Rares sont les textes littéraires qui, à l’époque, présentent une telle richesse sonore. Trois groupes distincts d’ « onomatopées », prises au sens le plus large du terme, se dégagent : d’une part, les interjections (type huhu !, hui !, hopp hopp !, etc.) et les compositions phonétiques adverbiales imitant un bruit concret (type trapp trapp; klingkling !); d’autre part, les verbes et substantifs qui lexicalisent un certain type de sons sous une forme propre à l’allemand (type klirrend; scharrt; rasselt, etc.). Il y a enfin des allitérations ou des assonances qui, comme un refrain, renforcent le caractère « populaire » de la ballade : mit Sing und Sang, mit Kling und Klang, auf Wegen und Stegen, etc.

Un classement préalable des différentes valeurs prises par les onomatopées dans le poème de Bürger s’impose donc. On distinguera tout d’abord la fonction purement phonétique de l’onomatopée (interjections imitatives) de sa fonction lexicale : lorsque le son est le composé d’un verbe ou d’un substantif, il parvient à un degré d’abstraction plus avancé en devenant un signe linguistique immotivé. Mais, pour affiner l’analyse, on conviendra que la pratique de l’onomatopée chez Bürger se distribue entre pratique « mimétique » et pratique « symbolique »[17].

La catégorie des onomatopées mimétiques englobe les mots qui tentent de reproduire des sons non lexicalisés par des sons de la langue. À ce titre, ils s’éloignent du traditionnel « arbitraire du signe » et sont d’autant plus soumis aux conventions phonétiques d’une langue donnée. La fréquence de ces mots est particulièrement importante dans les bandes dessinées par exemple. Ils sont la plupart du temps traduisibles sans trop de difficultés, moyennant quelques aménagements graphiques (exemple : cling/kling; hop/hopp, hou hou/huhu, etc.). Dans cette catégorie « mimétique » entrent également des morphèmes qui fonctionnent en composition de verbes et de substantifs et qui renforcent l’expressivité d’un texte (exemple : sausen, brummen, scharren, prasseln, klirren, etc.).

La seconde catégorie d’onomatopées est, du point de vue de la rhétorique, symbolique[18], c’est-à-dire l’incarnation de la signification de mots par leur association sonore.
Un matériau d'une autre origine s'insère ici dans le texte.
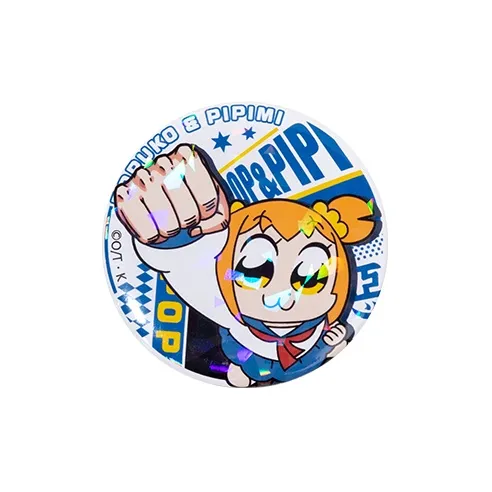 Crooked Melon Production Pop Team Epic And Pipi Mei Authentic Authorized Round Badge Badges-16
C’est le cas en particulier des allitérations, des assonances ou de ce que l’on a pu désigner du nom d’ « harmonie imitative ». Le poème de Bürger ne manque pas de recourir à ces procédés :

v. 13 : mit Sing und Sang
v. 14 : mit Kling und Klang
v. 18 : auf Wegen und Stegen
v. 121 : laß sausen
v. 125 : komm, schürze, spring und schwinge dich
v. 139 : Still, kühl und klein
v. 161 : was klang dort für Gesang und Klang ?
v. 203 : wie Wirbelwind am Haselbusch
v. 229 : die Flügel flogen klirrend auf
v. 237 : ohne Zopf und Schopf

L’effet sonore est ici créé par l’enchaînement et la répétition de lexèmes semblables; seul, le décryptage du sens de l’ensemble permettra de reconnaître la valeur symbolique du son. Confronté à un texte de ce type, le traducteur devra, autant que possible, trouver dans la langue d’arrivée des ressources comparables afin de restituer avec le maximum de cohérence l’expressivité inhérente au texte-source.
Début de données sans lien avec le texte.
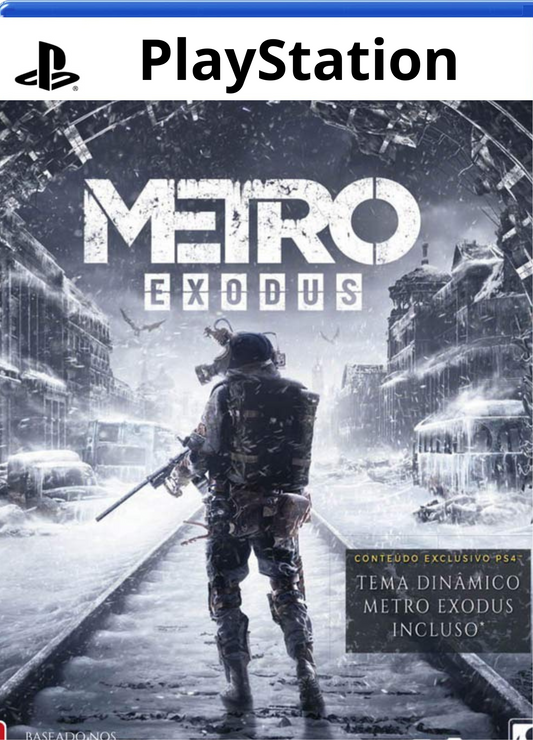 Metro Exodus PS4/PS5 Mídia Digital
2) Quelques solutions proposées par les traducteurs français des années 1830-1850

La revue des solutions proposées pour la traduction des onomatopées de Lénore dans la première moitié du XIXe siècle révèle que si tous les traducteurs n’ont pas été, et de loin, à la hauteur de la tâche, une évolution des pratiques se dessine pourtant, avec, au fur et à mesure que l’on avance dans le temps, une plus grande liberté de traitement de la couleur phonique étrangère. Il n’est pas inintéressant d’observer en simple diachronie de quelle façon les traducteurs font face pratiquement à ce qui leur semble une nouveauté presque révolutionnaire dans l’art d’écrire de la poésie. La perspective chronologique adoptée ici permet de suivre vraiment pas à pas les glissements qui s’opèrent de manière plus ou moins perceptible.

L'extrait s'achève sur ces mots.